» **Task input**:
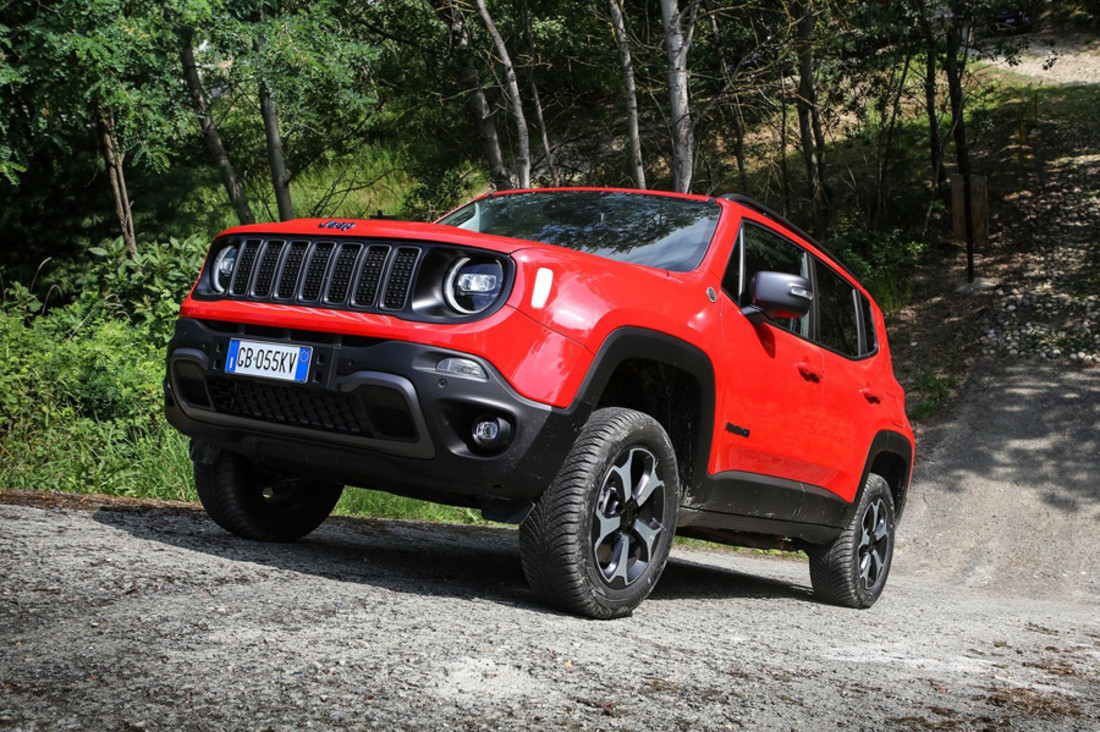 Jeep-Renegade_4xe-2021-1280-01.jpg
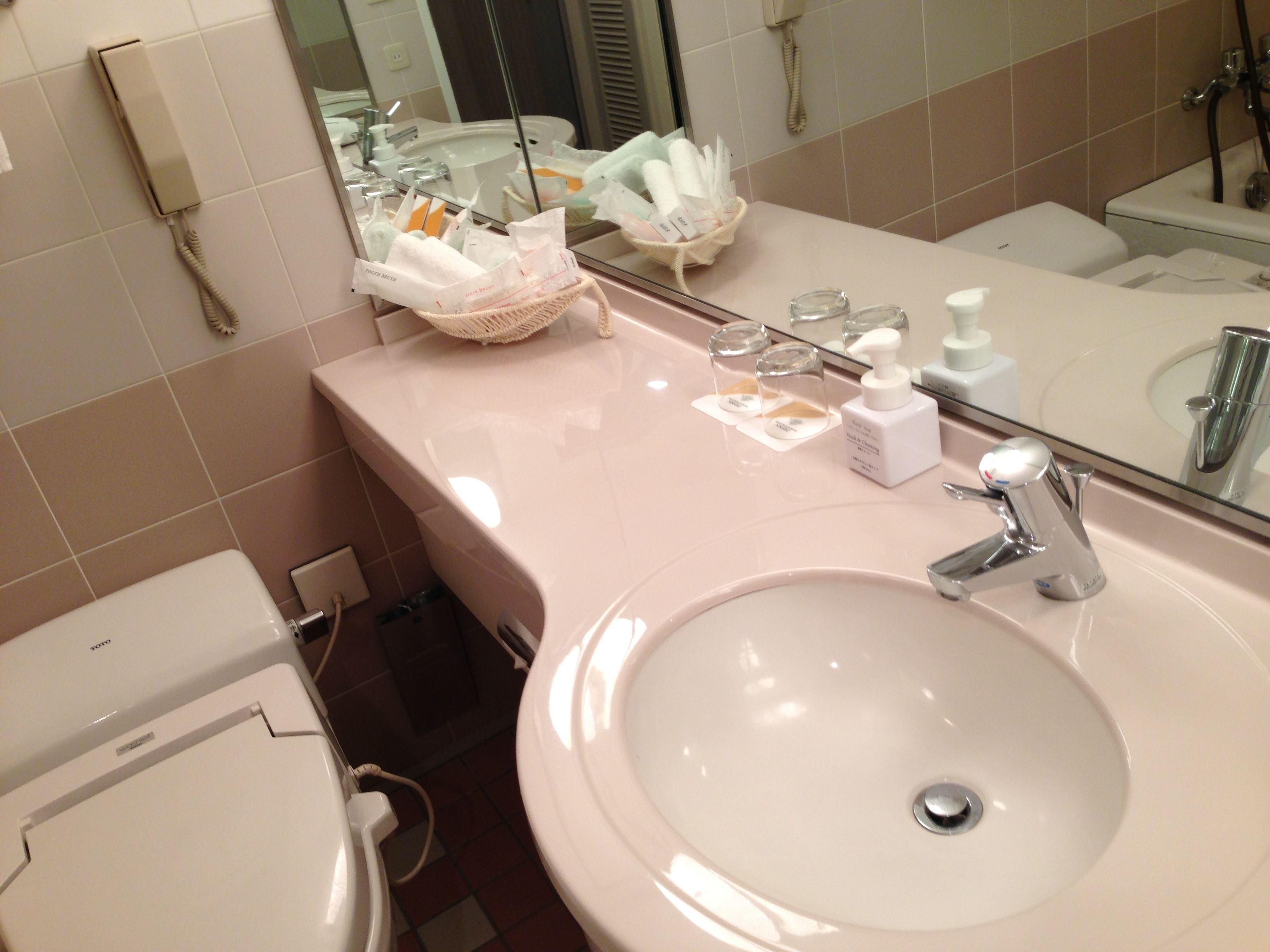 bathtub, deep-soaking bathtub, rainfall showerhead, free toiletries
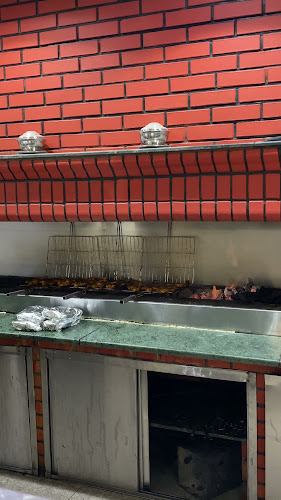 مطعم آريانا البخاري - الضيافة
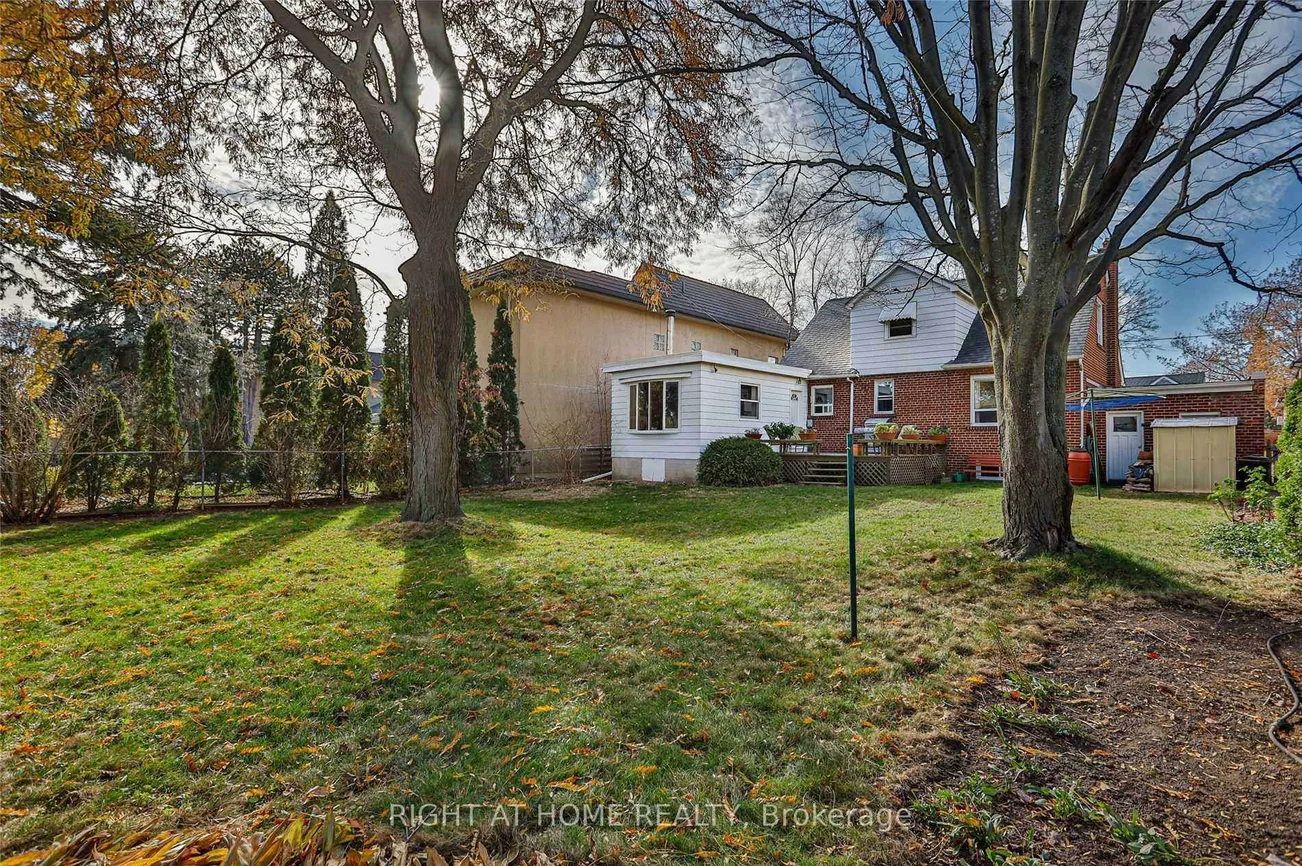 123, Ashbourne, Islington-City Centre West, Toronto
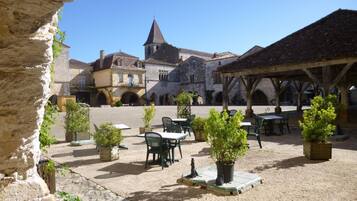 Restauration extérieure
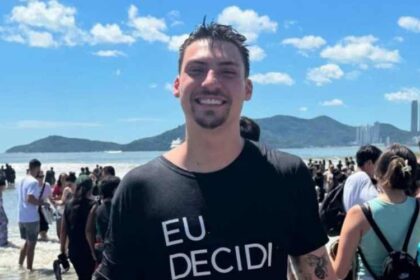 Renan Bolsonaro apresenta mocao de repudio contra Lula.jpg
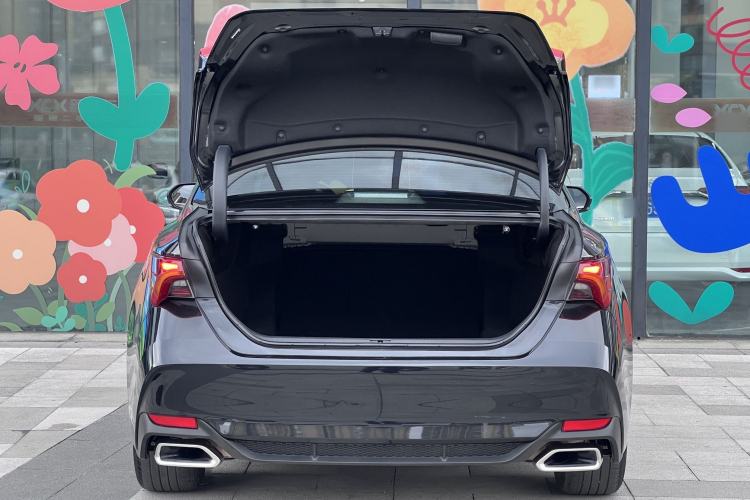 Used Toyota Avalon 2022 2.5L Luxury Edition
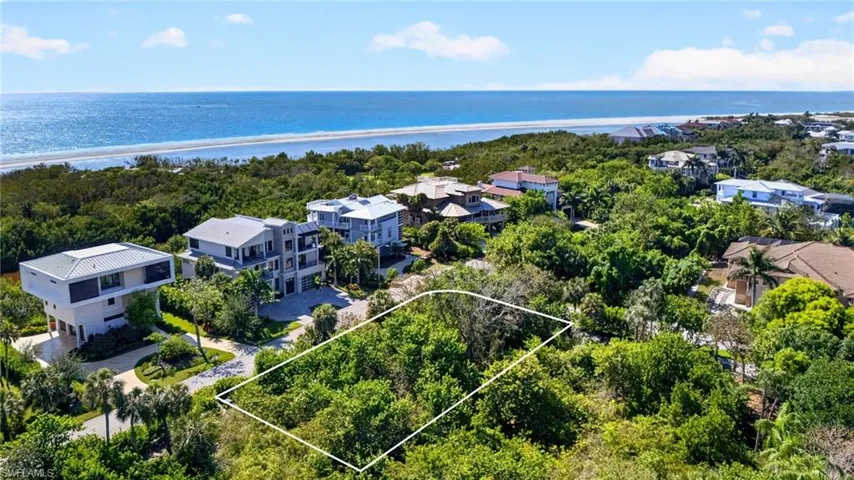 707 Waterside Dr, Marco Island, Florida 34145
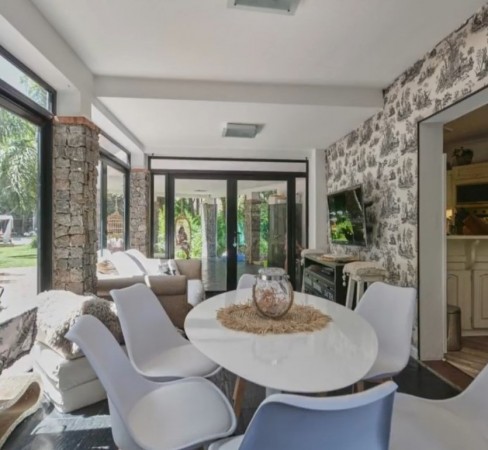 Hermosa casa de 6 ambientes en Parque Leloir!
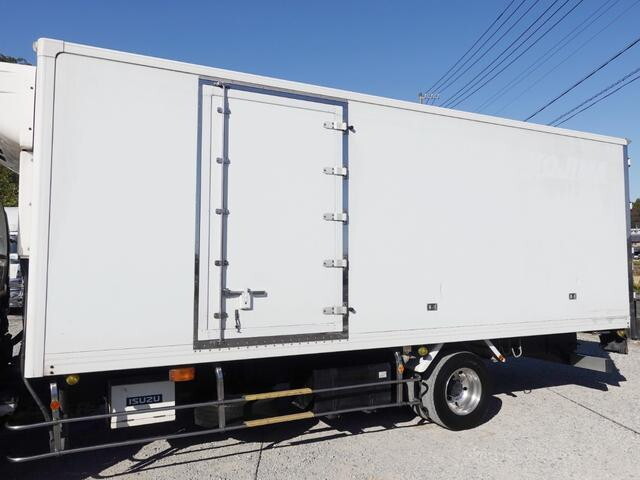 いすゞフォワード冷凍車（冷蔵車）中型（4t）[写真08]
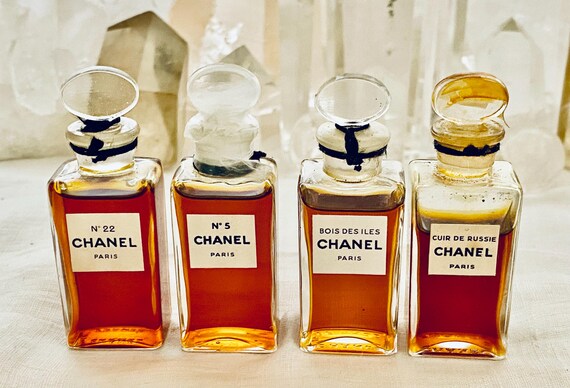 Chanel, Coffret Set, Cuir De Russie, No. 22, Bois Des Iles, No. 5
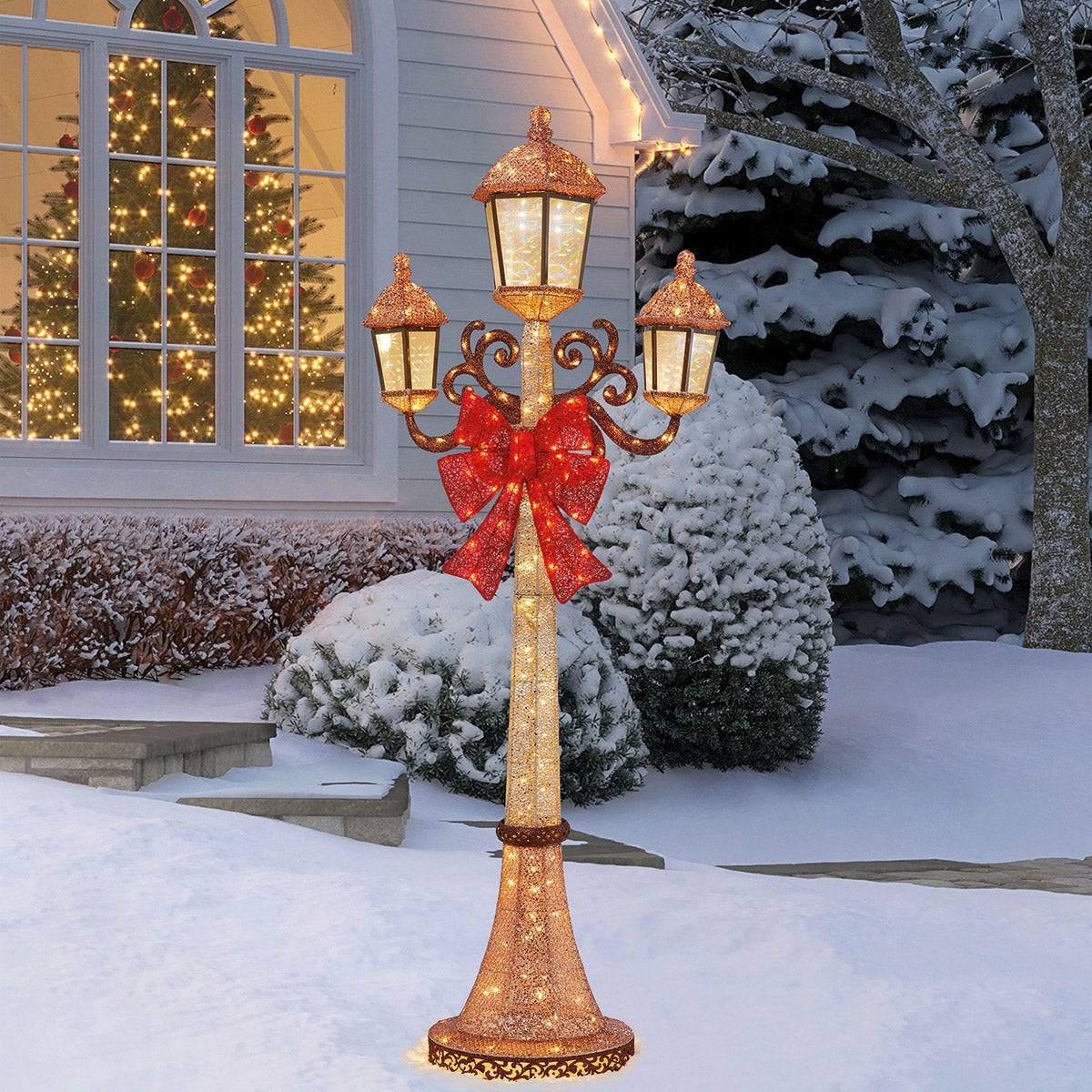7' TRIPLE LAMP POST WITH LED LIGHTS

» **What the task requires**: Retype the listing verbatim, minus every image.

» **Exercise output**:
 Jeep-Renegade_4xe-2021-1280-01.jpg
 bathtub, deep-soaking bathtub, rainfall showerhead, free toiletries
 مطعم آريانا البخاري - الضيافة
 123, Ashbourne, Islington-City Centre West, Toronto
 Restauration extérieure
 Renan Bolsonaro apresenta mocao de repudio contra Lula.jpg
 Used Toyota Avalon 2022 2.5L Luxury Edition
 707 Waterside Dr, Marco Island, Florida 34145
 Hermosa casa de 6 ambientes en Parque Leloir!
 いすゞフォワード冷凍車（冷蔵車）中型（4t）[写真08]
 Chanel, Coffret Set, Cuir De Russie, No. 22, Bois Des Iles, No. 5
7' TRIPLE LAMP POST WITH LED LIGHTS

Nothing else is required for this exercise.